Easy access to clean water in Canada, specifically Vancouver, has caused individuals to use it more and think about it less. Despite the ongoing global water crisis, the majority of individuals in this region remain oblivious to how water scarcity would affect them because they are not yet experiencing it first-hand.
Unlike in parts of the world where access to water is less efficient or water supply is already scarce, people tend to be more conservative and resourceful when it comes to their consumption habits and methods, therefore minimizing their overall water footprint.
“By 2040, most of the world won’t have enough water to meet demand year-round.
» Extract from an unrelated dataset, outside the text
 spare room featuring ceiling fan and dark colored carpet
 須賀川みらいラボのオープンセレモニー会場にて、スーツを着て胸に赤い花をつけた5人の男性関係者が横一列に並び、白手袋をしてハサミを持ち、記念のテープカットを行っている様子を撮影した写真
It’s either we find alternatives to producing or accessing this resource or simply, conserve and consume less of what we already have access to.”
“The World Water Crisis.” Explained, season 1, episode 19, Netflix, 12 Sep. 2018.
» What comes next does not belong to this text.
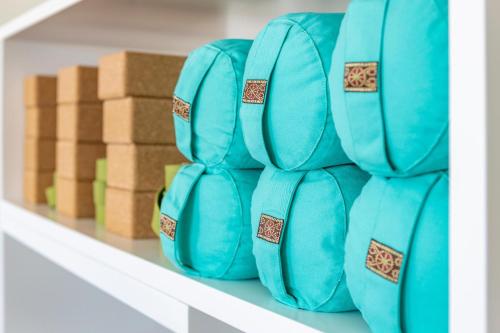 a stack of blue dominoes on a shelf with boxes at KRESTEN ROYAL Euphoria Resort in Kallithea Rhodes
The current free-flowing shower system makes access to clean water extremely convenient, but because of this, people tend to use it more and think about it less.
Despite the ongoing global water crisis, individuals tend to take longer showers than necessary, and the free-flowing aspect makes it difficult for people to get a sense of how much water is actually being used.
The design opportunity first came to mind when I looked back at my move to Canada in 2017 as an international student. I noticed that clean water was so easily accessible to the point where I felt like I was taking it for granted. I was humbly reminded of my childhood in the Philippines, where water shortages were common and access to clean water was (or still is) a privilege.
Because of this, I wanted to explore ways that could make individuals more mindful of their water consumption — since this was a problem that I dealt with growing up and it is still an ongoing crisis all over the world.
Minimize usage 💧
Ensure that individuals are mindful of their consumption in the shower and develop a more conscious mindset towards water usage after using the app.
Make showering enjoyable 😌
Find an affordance for users to maintain an enjoyable shower experience while proving effectiveness in minimizing their water footprint in the shower.
Encourage continued use 🔁
Validate progress and accomplishment to increase satisfaction and value, encouraging individuals to continue product use.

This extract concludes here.